_THE DATA_:
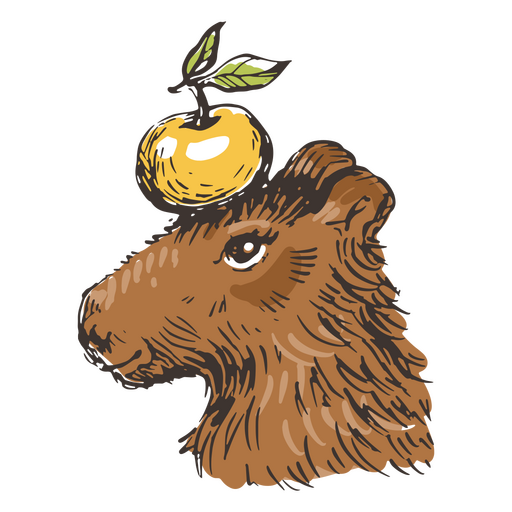 Capivara Desenho Art Illustrator, capivara, mamífero, outros png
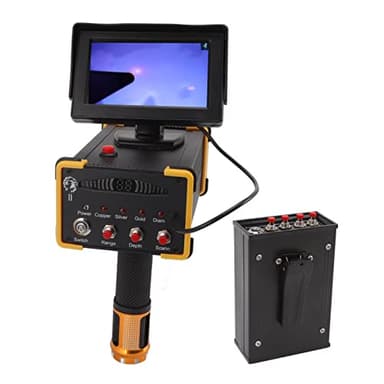 Metal Detector Scanner Device 15m Deep Professional Gold Finder Underground Location Detecting Identifying Machine with Search Range 1000m 100‑240V (US Plug)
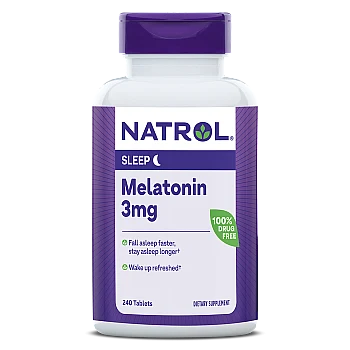 מלטונין 3 מ"ג 240 טבליות - מבית Natrol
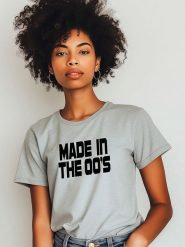 WOOOP Koszulka "Made in 00´s" w kolorze szarym rozmiar: M. Szare bluzki Wooop, m, bez wzorów, z bawełny, bez kołnierzyka, bez ramiączek. Za 74.99 zł.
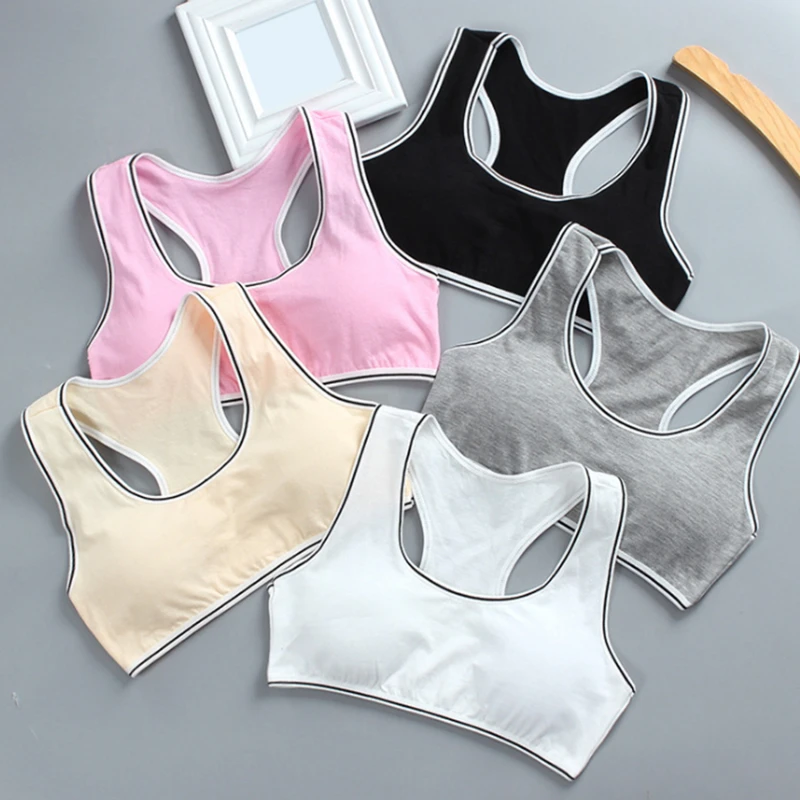 Fashion Girls Bra Tube Tops Cotton Teenager Underwear Summer Lingerie Girls Training Bra Sport Underwear Kids Brassiere Bra
Fashion Girls Bra Tube Tops Cotton Teenager Underwear Summer Lingerie Girls Training Bra Sport Underwear Kids Brassiere Bra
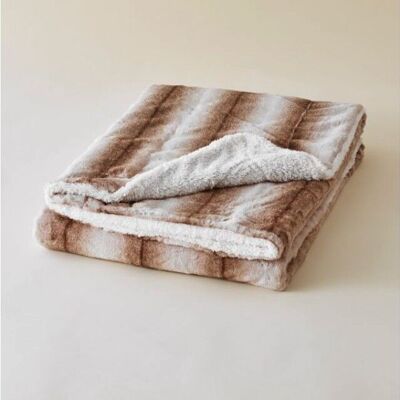 Beige animal skin throw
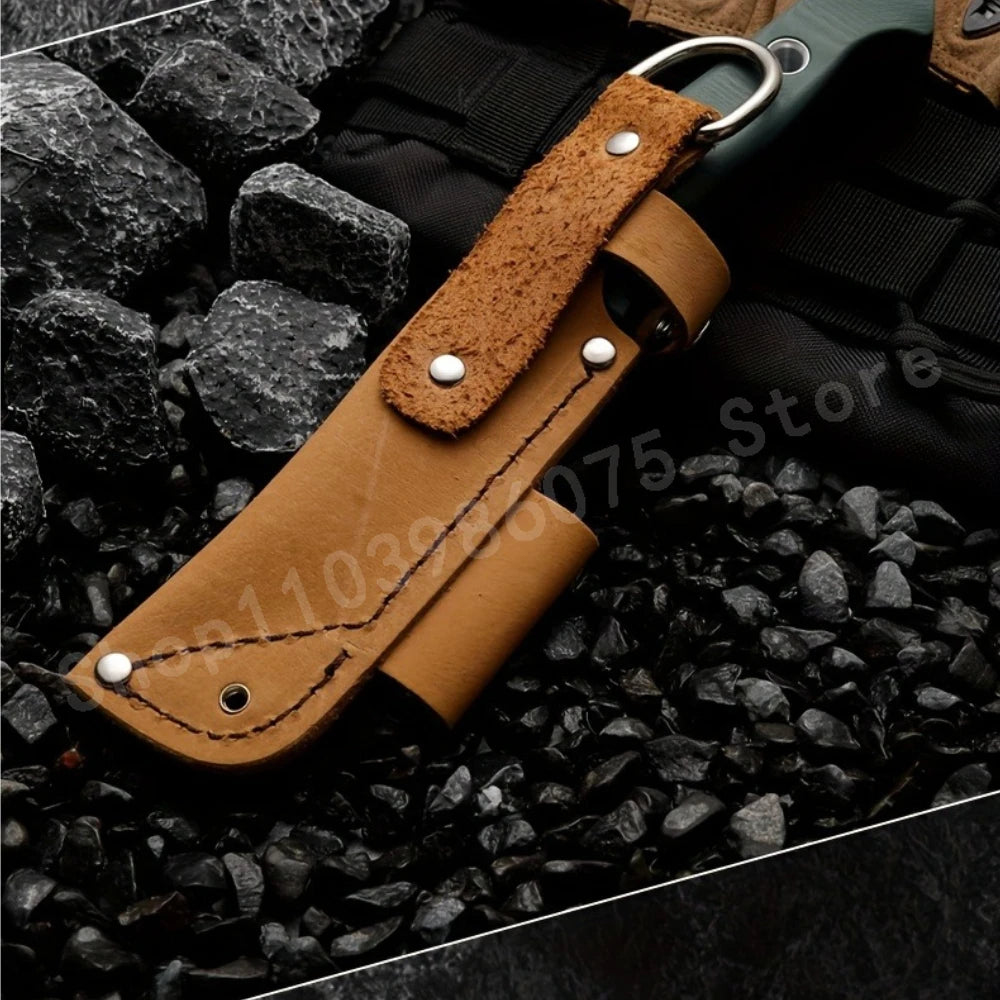 BM162 Fixed Blade Straight Knife – D2 Steel Blade, G10 Handle – EDC Outdoor Camping Survival & Emergency Knife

_YOUR INSTRUCTIONS_:
The data above is to be printed exactly, all of it, except for the pictures.

_RESULT_:
 Capivara Desenho Art Illustrator, capivara, mamífero, outros png
 Metal Detector Scanner Device 15m Deep Professional Gold Finder Underground Location Detecting Identifying Machine with Search Range 1000m 100‑240V (US Plug)
 מלטונין 3 מ"ג 240 טבליות - מבית Natrol
 WOOOP Koszulka "Made in 00´s" w kolorze szarym rozmiar: M. Szare bluzki Wooop, m, bez wzorów, z bawełny, bez kołnierzyka, bez ramiączek. Za 74.99 zł.
 Fashion Girls Bra Tube Tops Cotton Teenager Underwear Summer Lingerie Girls Training Bra Sport Underwear Kids Brassiere Bra
Fashion Girls Bra Tube Tops Cotton Teenager Underwear Summer Lingerie Girls Training Bra Sport Underwear Kids Brassiere Bra
 Beige animal skin throw
 BM162 Fixed Blade Straight Knife – D2 Steel Blade, G10 Handle – EDC Outdoor Camping Survival & Emergency Knife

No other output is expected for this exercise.